A three-and-a-half-hour standoff with sheriff’s deputies near Hart High School ended peacefully Friday with the arrest of a 47-year-old woman on suspicion of grand theft auto.
From about 3:30 p.m. to 7 p.m., the woman remained in a stolen Chevy pickup in a driveway off of Newhall Avenue at Oak Street, refusing to come out.
Deputies with the Santa Clarita Valley Sheriff’s Station tracked the stolen truck to the back of a house on Newhall Avenue.
The truck owned by an SCV resident had reportedly been stolen from downtown Los Angeles.
When the sole occupant of the vehicle refused to get out of the truck once it was stopped in a driveway, deputies began treating the incident as a barricaded suspect.
Using strategically placed patrol cars, they shut down all traffic between 14th Street and Oak Street and between Newhall Avenue and Chestnut Street. They set up a command post at Hart High School.
A Sheriff’s Department helicopter began circling the neighborhood as patrol deputies knocked on doors of homes and evacuated them, keeping all pedestrians and residents outside the perimeter.
When Tony and Chris OIea arrived home they found a deputy poised on the sidewalk in front of their home, pointing his firearm down the side of their home.
“They were going to knock on our door and evacuate,” Tony Olea said. “But, they saw we wanted to get to the house and turned us around.”
“My dogs are going crazy inside the house,” Chris Olea said.
As they turned around and joined a gathering throng of onlookers, the Oleas got a call from a relative alerting them to the standoff.
“I didn’t know what was going on until I got the phone call,” Tony Olea said.
The Oleas — who waved off the incident as something less than shocking for the neighborhood — joined their next-door neighbor on the sidewalk. She, too, was forced from her home.
The neighbor, glancing every now and then from the curb where she sat to look at gun-toting deputies standing at her house, sat with her children, a girl who appeared 6 years old and two teens, a boy and a girl.
Two hours into the standoff, the young girl ran off to play with friends. The teens sat on the curb pecking at their cellphones.
Two car lengths from where they sat waiting for permission to return home, Capt. Robert Lewis stood in the middle of the street, every now and then giving commands to deputies.
Heavily armed tactical deputies, dressed in camouflage green uniforms, moved around Lewis, taking turns coming and going from the driveway where the stolen truck sat.
In the early stages of the standoff, a woman’s voice was heard on the loud hailer telling the occupant of the stolen truck to come out.
Deputies initially thought there may have been two occupants in the truck.
“Occupants of the white Chevy truck,” the deputy shouted. “Come out with your arms up.

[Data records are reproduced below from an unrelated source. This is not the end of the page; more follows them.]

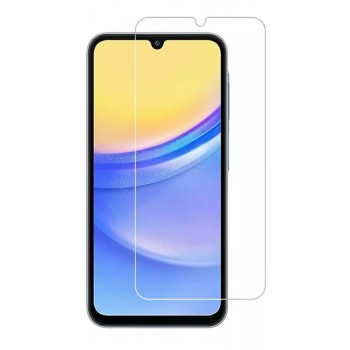 Vivid Tempered Glass Samsung Galaxy A16 Vivid Tempered Glass Samsung Galaxy A16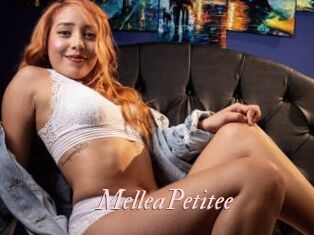 MelleaPetitee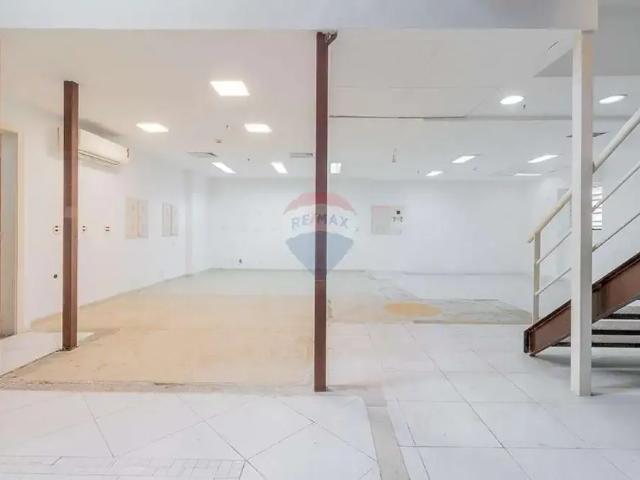 Escritorio venda em Região Imediata de São Paulo, Região Metropolitana de São Paulo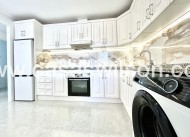 Sale - Appartement - Campoamor - Costa Blanca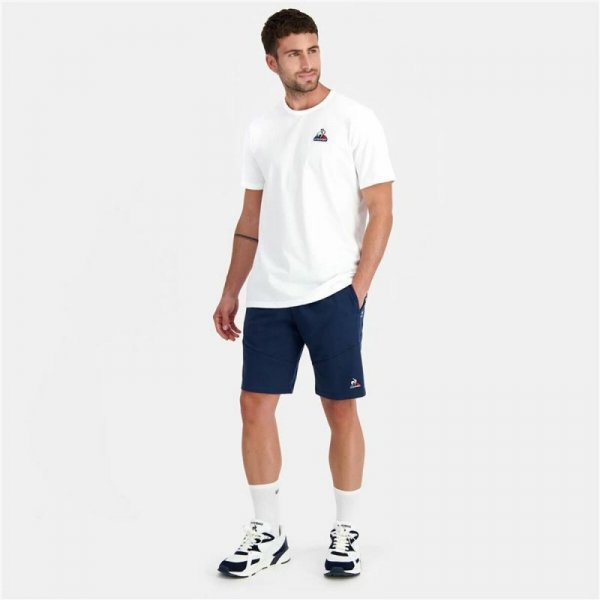 Szorty sportowe Le coq sportif Nª 1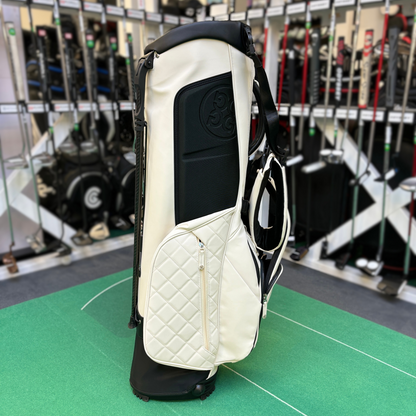 NEW G Fore Daytona Plus Bag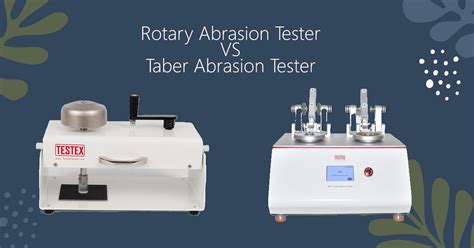 Rubber Abrasion Tester inc|difference between corrosion and abrasion.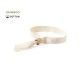 Pulsera Bosgo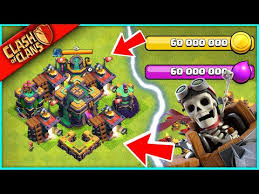 So, using the modded version known as, clash of clans mod apk can be the. Clash Of Clans Hacks Advices Clash Of Clans Hacks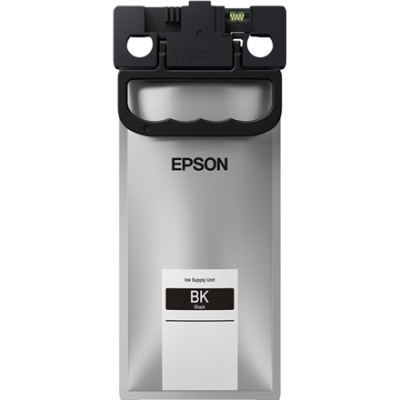 Epson L | C13T964140 | Ink...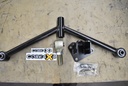 WJ Crawl Series A-Arm *Blemished*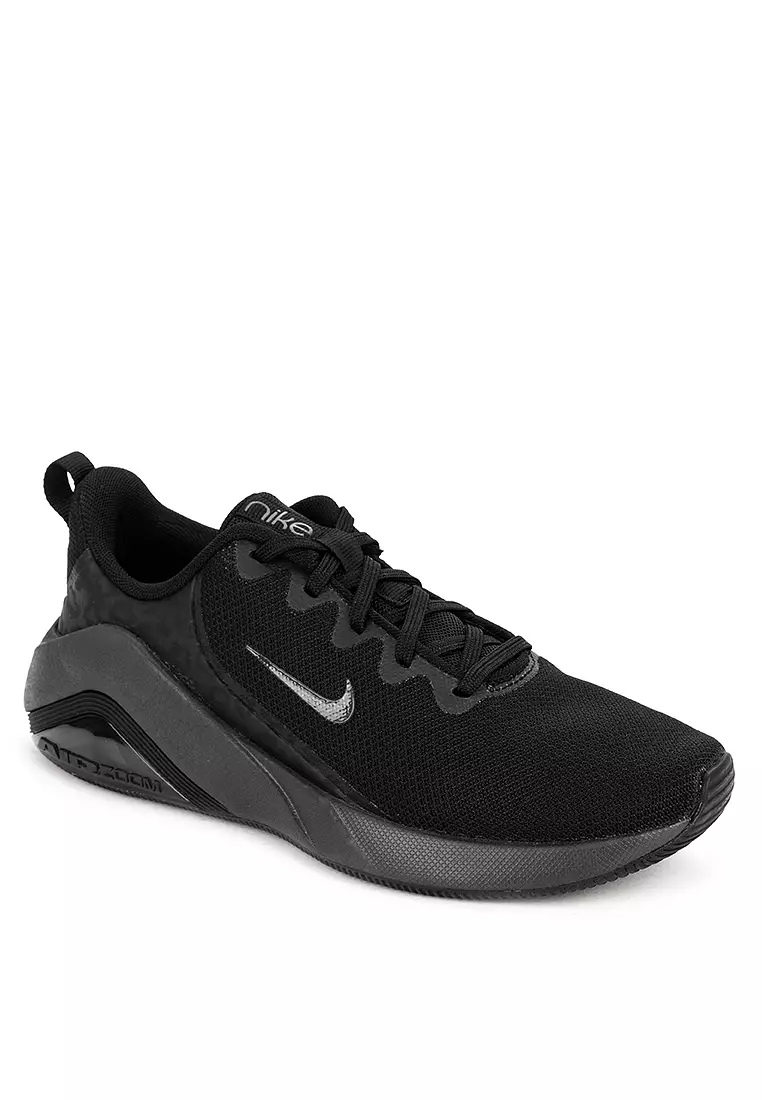 Bella 7 Workout Shoes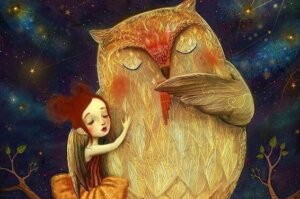 Don't Give Up What Makes You Happy to Make Others Happy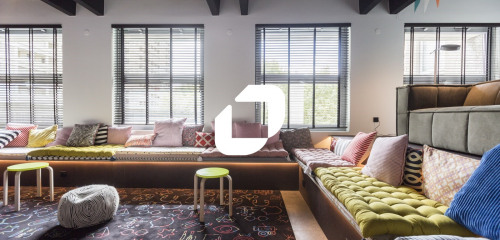 2e photo de l'annonce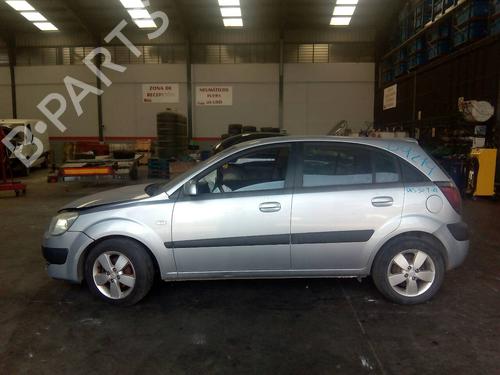 Starter KIA RIO II (JB) 1.5 CRDi | BP10097718M8 
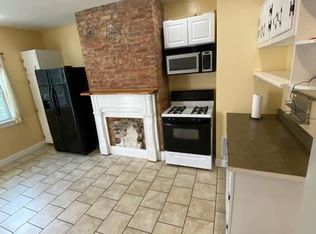 42 Holt St, Pittsburgh, PA 15203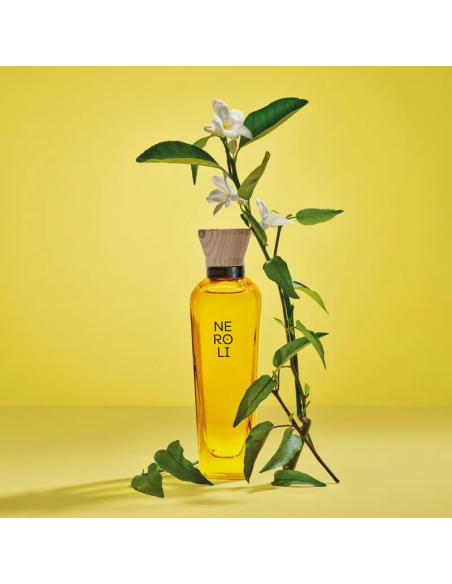 FRAGANCIAS SEMI-SELECTIVAS ADOLFO DOMINGUEZ NEROLI FOR HER EDT 120 cc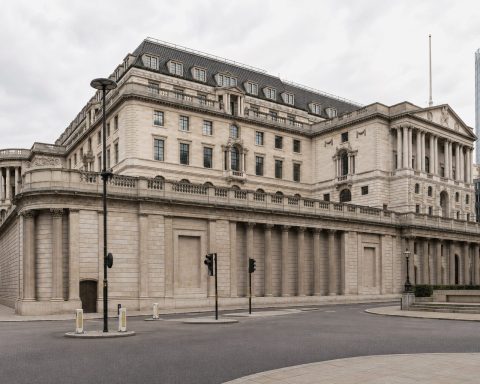 UK Stock Market Today 29/08/2026 [UPDATE: 08:49 BST] [Weekly Recap + Week Ahead: Midcaps Lead Before Bailey and Gilt Auction]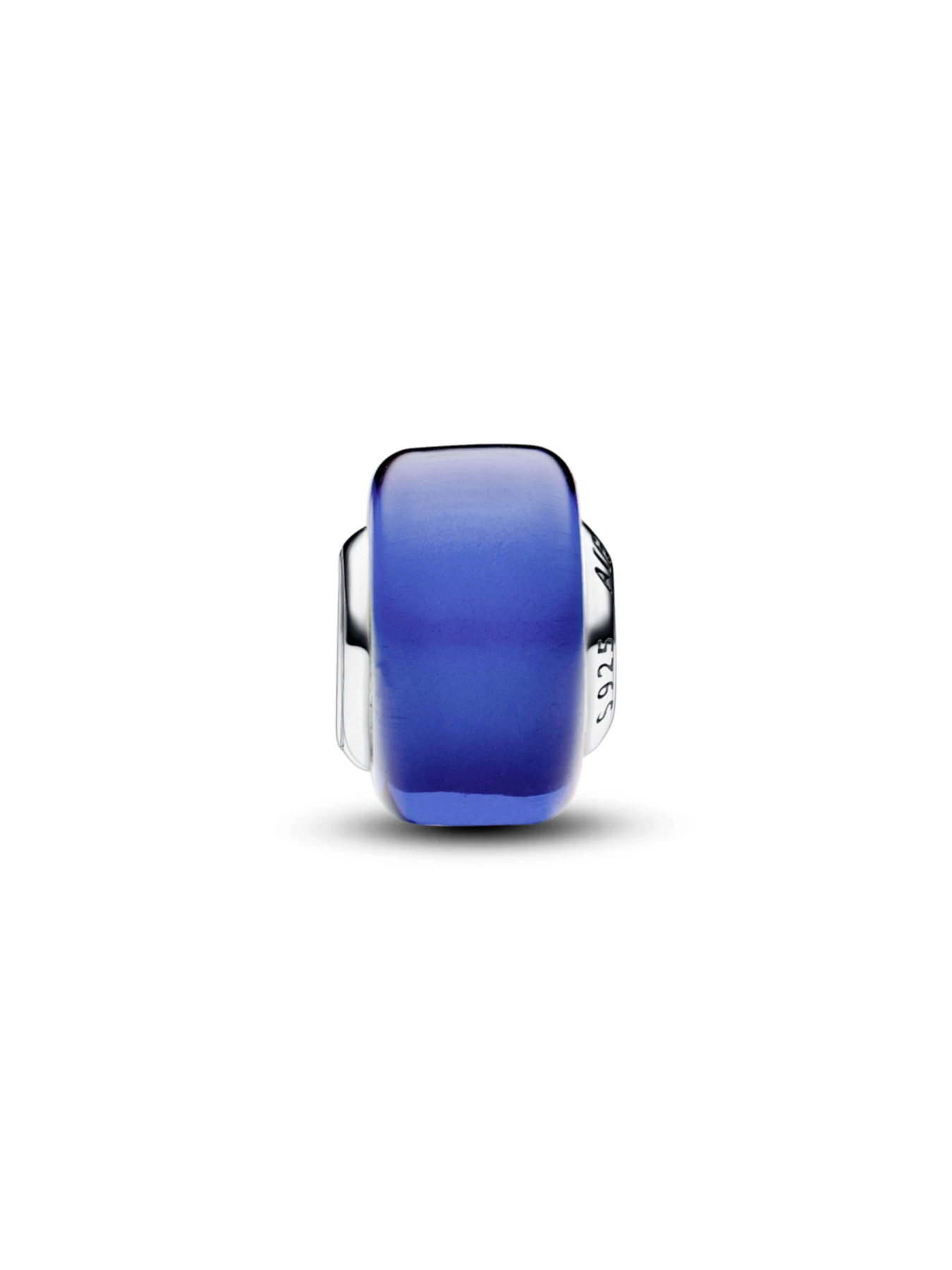 Классические PANDORA Moments модель 793105C00 Классические PANDORA Moments модель 793105C00 Фото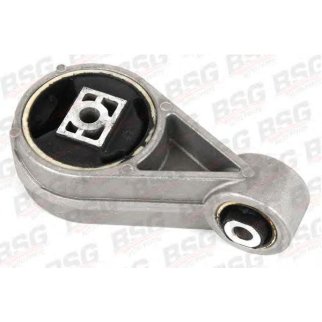 Опора двигателя задняя BSG BSG 30-700-205 фото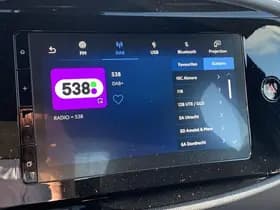 Toyota Aygo thumbnail 46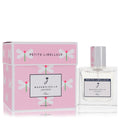Jacadi Petite Libellule Mademoiselle Jacadi 1.69 oz Tester
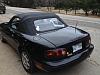 Four Miata, Two Months, 10,000 miles-null_zps44a84c0f.jpg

There is no way out. Exit out of the driver’s door.”
After an hour without luck, members of the sheriff’s Mental Evaluation Team were called in.
The same loud hailer message was given by an MET member.
“You will be treated well,” the MET member said. “No one wants to hurt you.”
Mental Evaluation Team
For more than a half-hour, the MET member tried to elicit any type of response from the occupant.
“Shake the truck if you can hear me,” he said.
On two occasions, he followed up on the command with: “Very good.”
Still, however, the truck occupant would not come out.
Three hours into the standoff, as children barred from their homes played chasing games near deputies standing guard at the perimeter, a deputy wearing protective gear including a transparent face protector carried a long bag from a patrol car to the alleyway.
At 6:45 p.m., a loud pop sound was heard with the command: “Step out of the vehicle so that we can have a peaceful resolution to this.”
At 6:50 p.m., a series of rat-a-tat-tats was heard coming from the alleyway.
The sound was later identified as a “pepper ball loading” device.
“It shoots projectiles that contain an amount of powder similar to pepper spray that contaminates an area,” Sgt. Steve Upton said.
SCV sheriff’s spokeswoman Shirley Miller said of the pepper ball device: “She didn’t like it and she did exit the vehicle.”
About 7 p.m., a cluster of deputies walked a woman wearing what appeared to be a Santa Claus hat and fake white beard from the stolen truck to a patrol car backed into the driveway.
A female deputy checked the woman and placed her in the back of the patrol car.
The woman was arrested on suspicion of grand theft auto.